Retournement des marchés et incertitudes confortent l’attentisme des ménages

[Décembre 2023] Les économistes de BPCE livrent leur analyse de la conjoncture et leurs perspectives pour 2024. Malgré des conditions de marché qui basculent, les ménages Français ont toujours des projets immobiliers mais leurs anticipations évoluent.

Des anticipations de prix à 12 mois toujours en hausse, une demande résiliente

Les projets d’achat immobilier des Français pour les 12 mois à venir restent stables depuis deux ans, mais les opérations en cours actuellement marquent le pas au profit des projets pour les prochains mois. Les acheteurs potentiels ont une vision plus favorable de la conjoncture que la moyenne des Français. La demande est donc bien présente et s’accompagne d’anticipations de prix toujours orientées à la hausse : 39 % des acheteurs s’attendent à une hausse des prix d’ici à un an, contre 31 % qui envisagent une baisse des prix. L’image de l’évolution des prix immobiliers se dégrade certes mais la baisse tarde à être admise par les Français.
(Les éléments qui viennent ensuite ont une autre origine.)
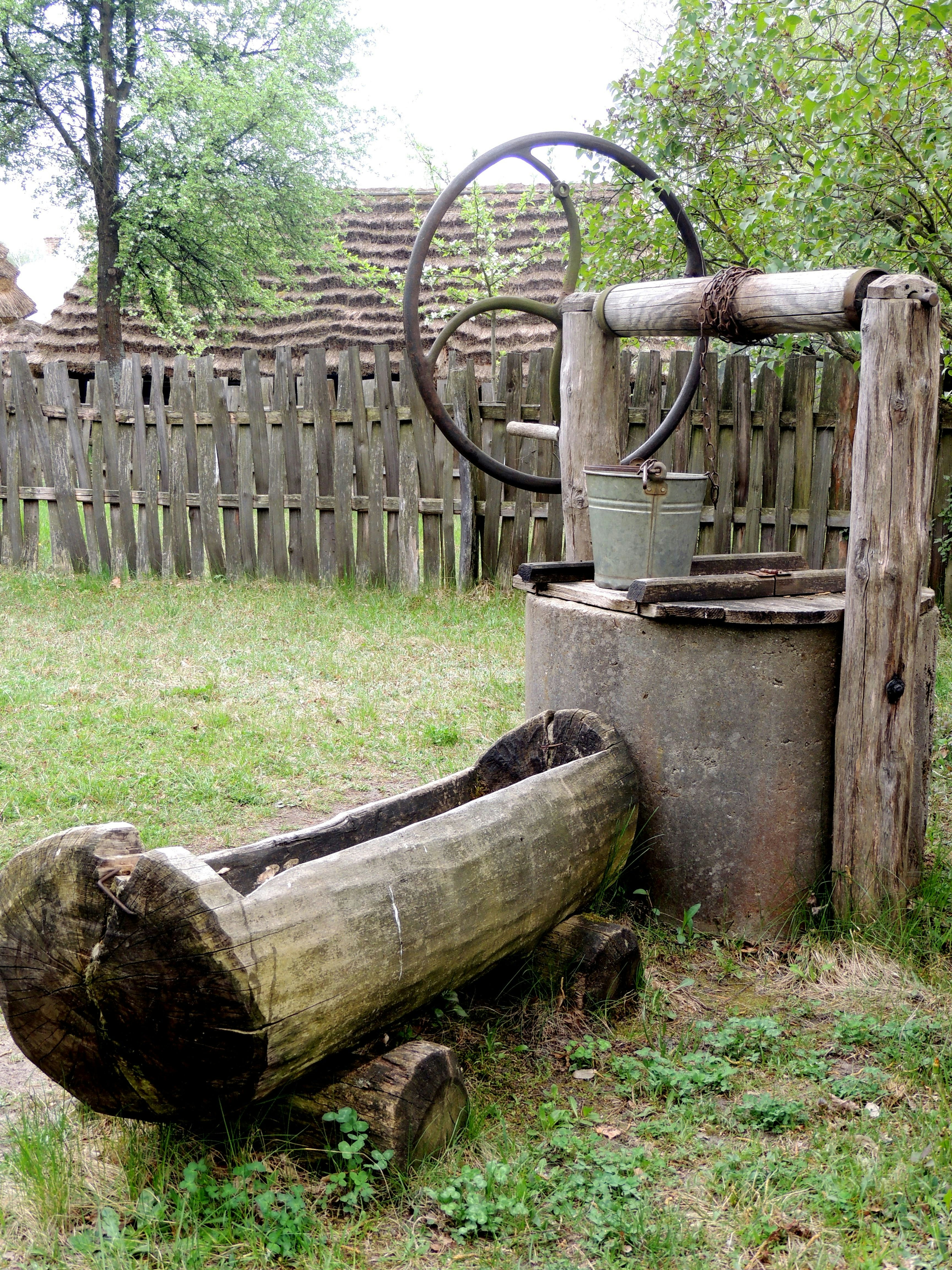 Old wooden well with a bucket and trough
39 % des Français pensent que les prix immobiliers vont augmenter durant les 12 prochains mois contre 26 % qui anticipent une baisse des prix

Les intentions de vendre s’érodent légèrement mais demeurent supérieures à leur tendance de moyen terme. Les vendeurs ont également une vision de la conjoncture de l’immobilier moins défavorable que la moyenne des Français et n’anticipent pas non plus majoritairement une baisse des prix. Ce haut niveau de l’offre accroît de facto le pouvoir de négociation d’une demande de plus en plus sélective. 

Globalement, les Français prennent la mesure du retournement du marché et considèrent le contexte plutôt négatif pour acheter ou vendre mais leurs anticipations de prix ne se sont pas retournées à la baisse.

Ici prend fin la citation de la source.